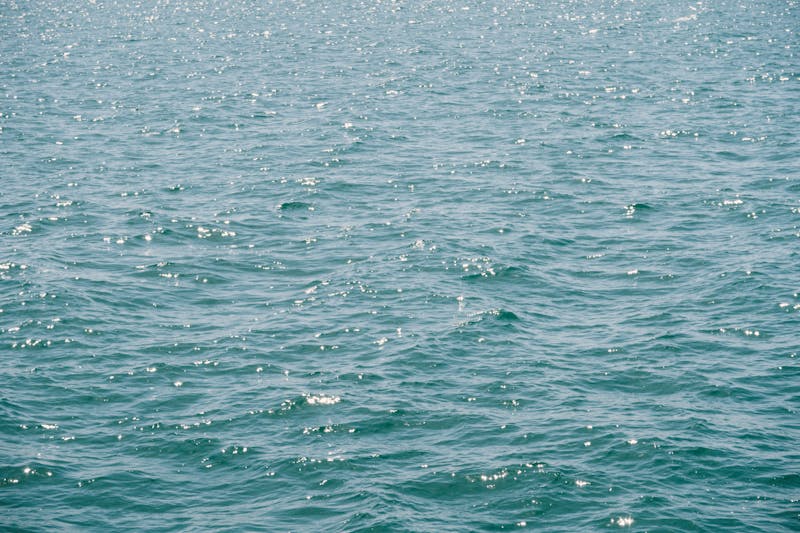 Live music night event at Dions restaurant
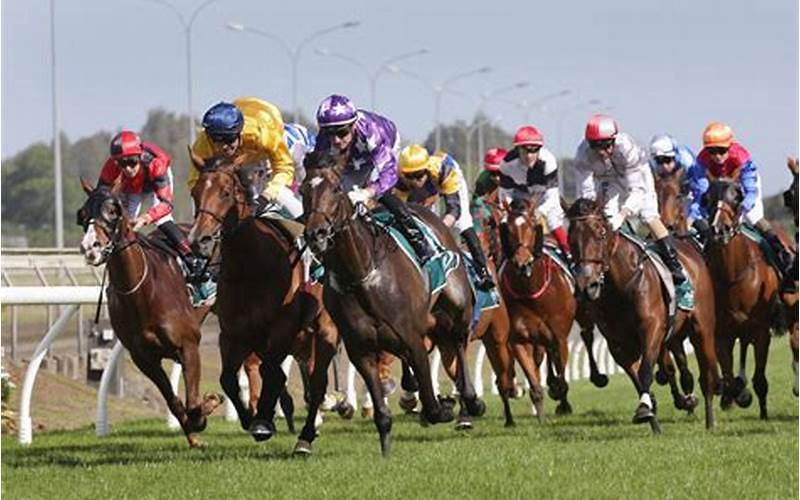 Thoroughbred Horse Racing At The Finish Line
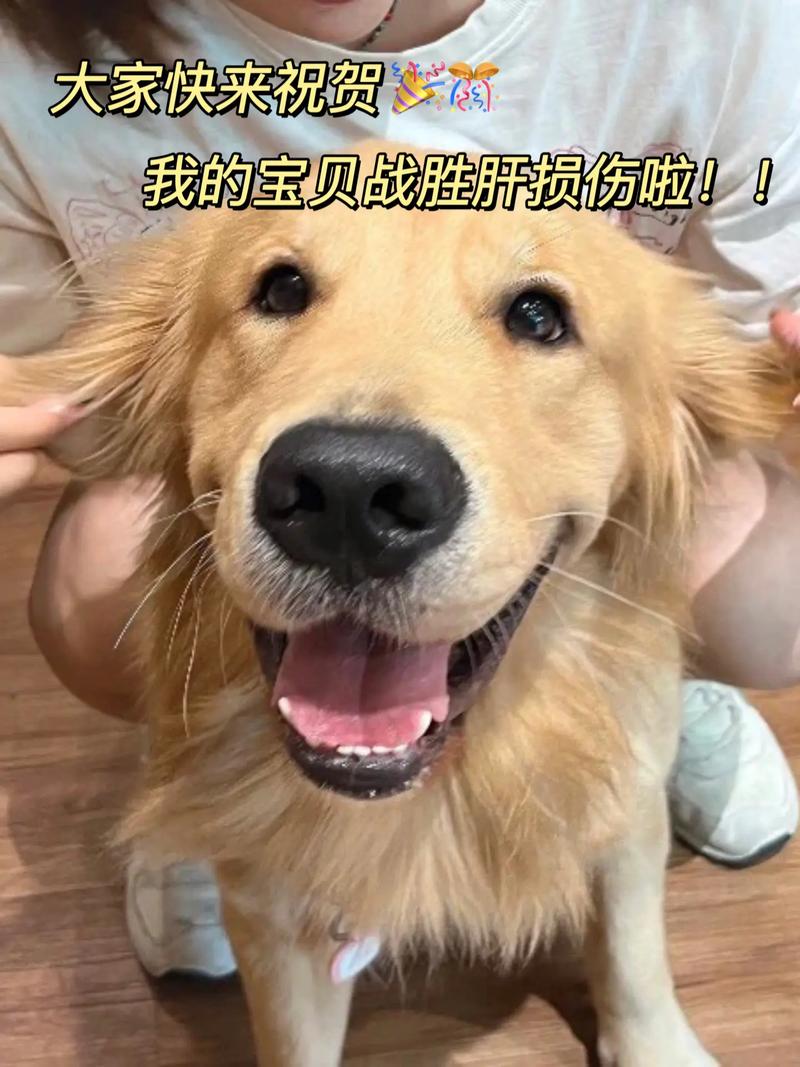 狗狗肝衰竭痛苦吗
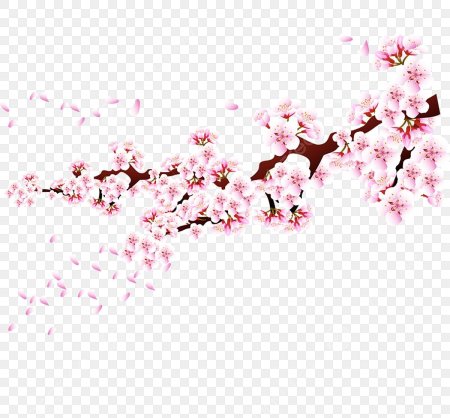 Ветка сакуры на прозрачном фоне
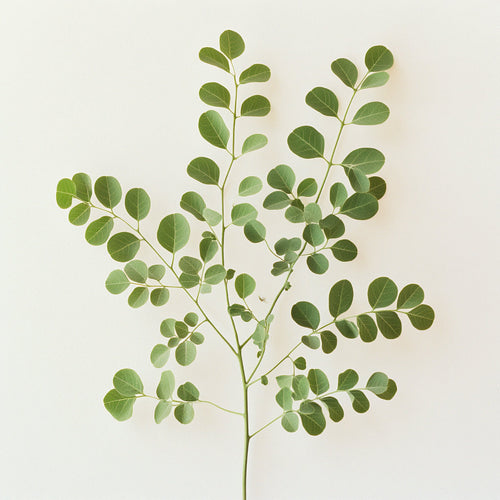 Moringa: The Miracle Tree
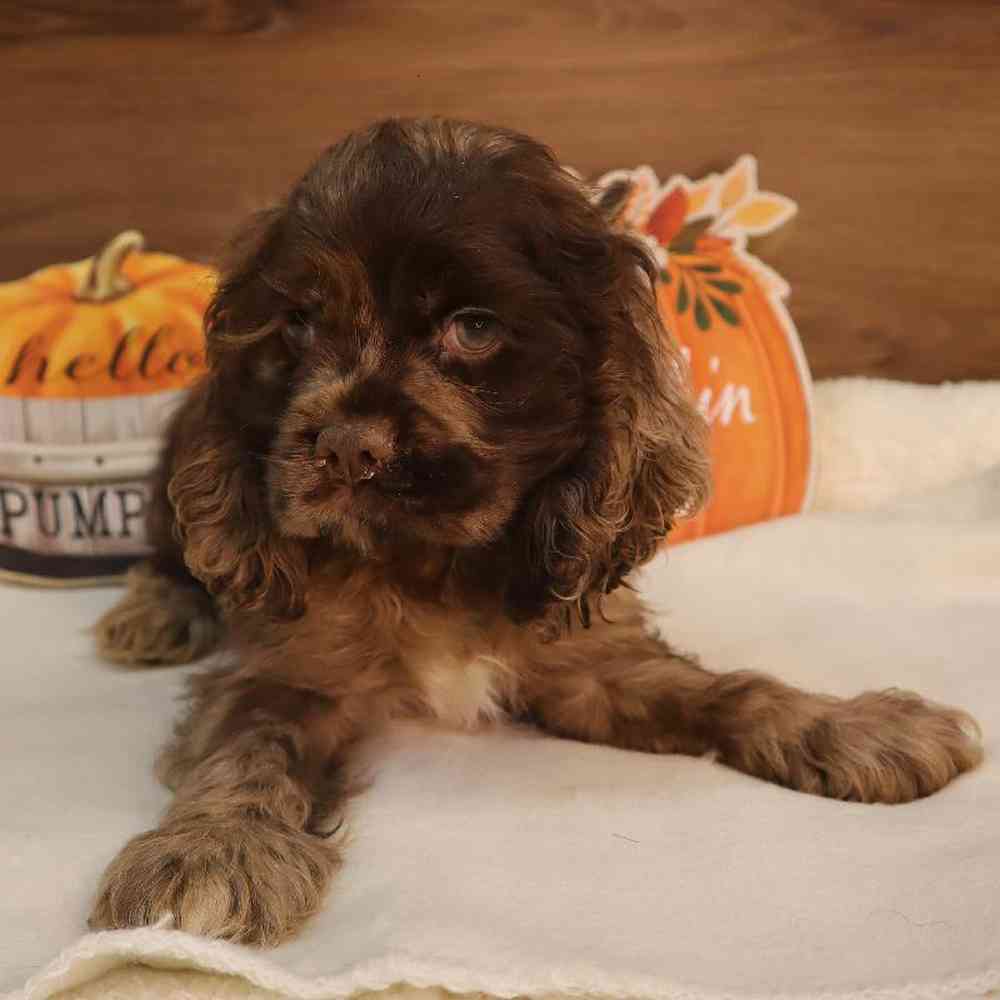 Male Cocker Spaniel Puppy for sale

• • • •

§ **PROBLEM STATEMENT**: Quote all the records verbatim, dropping any pictures from your copy.

§ **REPLY**:
 Live music night event at Dions restaurant
 Thoroughbred Horse Racing At The Finish Line
 狗狗肝衰竭痛苦吗
 Ветка сакуры на прозрачном фоне
 Moringa: The Miracle Tree
 Male Cocker Spaniel Puppy for sale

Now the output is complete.